Let $A$ and $B$ be subspaces of vector spaces $V$ and $W$ respectively.
Given $a\in A$ and $b\in B$, there are two possible interpretations of $a\otimes b$: we can think of it as a member of $A\otimes B$ or as a member of $V\otimes W$.
So I tried to free myself of this apparent ambiguity by defining $f:A\times B\to V\otimes W$ as $f(x, y)=x\otimes y$ for all $(x, y)\in A\times B$, where, of course, $x\otimes y$ is thought of as a member of $V\otimes W$ and not $A\otimes B$.

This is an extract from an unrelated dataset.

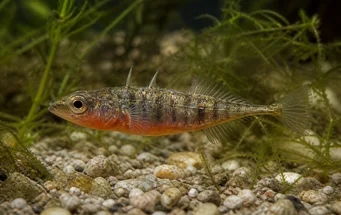 Gasterosteus aculeatus Três Epinoche de Rougada
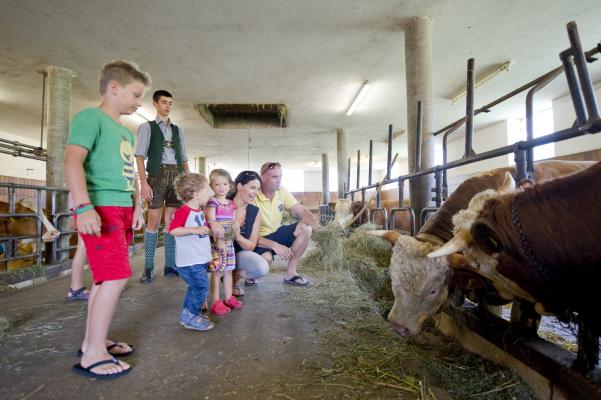 Kinder im Kuhstall, Urlaub am Bauernhof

Since $f$ is a bilinear map, it induces a unique linear map $\bar f:A\otimes B\to V\otimes W$ which send $x\otimes y\in A\otimes B$ to $x\otimes y\in V\otimes W$ for all $x\in A$ and $y\in B$.
If $\bar f$ were injective, then the ambiguity could be dissolved. But I am unable to show it.
What am I missing?
Choose bases $(E_i)$ and $(F_j)$ for $A$ and $B$ and extend them to bases for $V$ and $W$, respectively. We get a basis $(E_i\otimes F_j)$ for $A\otimes B$, and in the same way the extensions give a basis for $V\otimes W$. Then, we get that $\bar{f}$ maps a basis of $A\otimes B$ to a linearly independent subset of $V\otimes W$ (a subset of a basis). This shows that $\bar{f}$ is injective.